Kaori memandang Goom dengan tatapan cemas. "Apa itu? Siapa yang berbicara?"

Goom menggenggam kristal itu lebih erat, berusaha mengabaikan bisikan itu. "Tidak tahu. Tapi kita harus keluar sekarang. Kita tidak punya banyak waktu."

Permukaan Laut, Reruntuhan

Tim G.I.E.R.A. tiba terlambat, dan mereka hanya bisa berdiri di antara reruntuhan yang hancur, mengamati kehampaan yang tertinggal. Tidak ada jejak Kristal-2 yang mereka cari, hanya kehancuran. Sesuatu yang aneh ada di udara, seperti ada yang mengawasi mereka.

Dari kejauhan, di balik bayangan reruntuhan, seseorang berdiri dengan tenang. Seorang pria bertopeng, menggenggam pecahan Shard-2 yang telah ia curi. Wajahnya tertutup rapat, namun aura kehadirannya terasa kuat, penuh dengan niat yang tidak terungkapkan.
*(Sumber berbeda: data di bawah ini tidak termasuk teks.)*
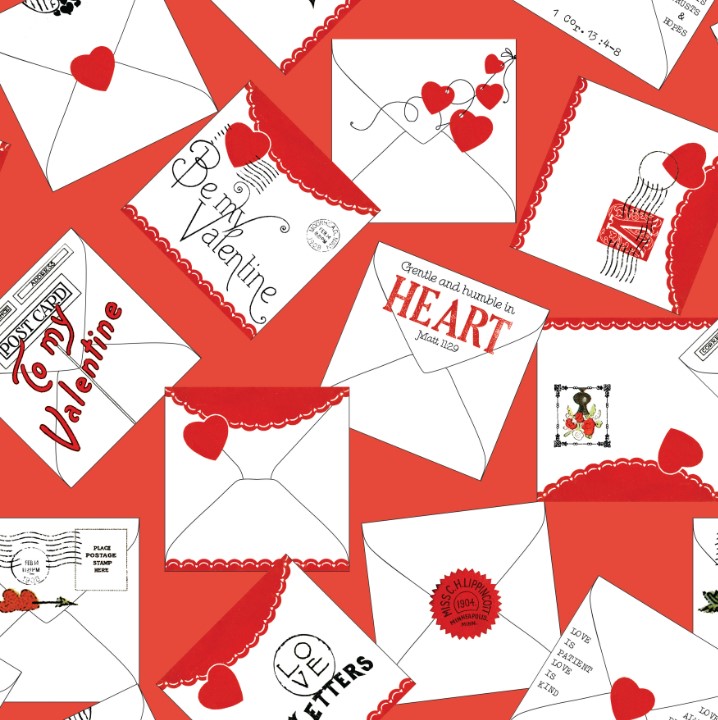 All My Heart Valentine Greeting Red by J. Wecker Frisch for Riley Blake Designs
"Biarkan Goom berlari lebih dulu," katanya pelan, berbicara pada dirinya sendiri, namun kata-katanya juga mengandung makna yang dalam. "Dia akan membuka jalan. Kita tidak perlu terburu-buru. Waktunya akan datang."

Kapal Riset, Malam Hari

Di geladak kapal, Goom dan Kaori duduk bersama, angin malam yang dingin meniup rambut mereka, membawa suara ombak yang tenang. Namun dalam hati mereka, ada sesuatu yang bergolak, ketegangan yang semakin mencekam.

Kaori menatap laut yang luas, kemudian beralih memandang Goom dengan wajah yang penuh kekhawatiran. "Dua pecahan, dua penglihatan. Apa yang akan terjadi saat kita mengumpulkan semuanya? Apa yang akan kita hadapi setelah ini?"

Goom tidak segera menjawab, matanya tidak lepas dari Shard-2 yang bersinar samar. "Aku tidak tahu apa yang akan terjadi, Kaori. Tapi satu hal yang pasti... mereka bukan sekadar bagian dari masa lalu. Mereka adalah kunci dari sesuatu yang lebih besar. Sesuatu yang... bisa mengubah segalanya."

Dengan gerakan hati-hati, Goom mengaktifkan resonator baru yang mereka bawa. Kedua Shard itu mulai bersinar, dan perlahan, sebuah peta holografik muncul di udara, menunjukkan tiga titik baru yang menandai lokasi-lokasi yang harus mereka tuju.

"Ini baru awal," bisik Goom, matanya berbinar penuh tekad. "Ini adalah perjalanan yang tak bisa kita hindari."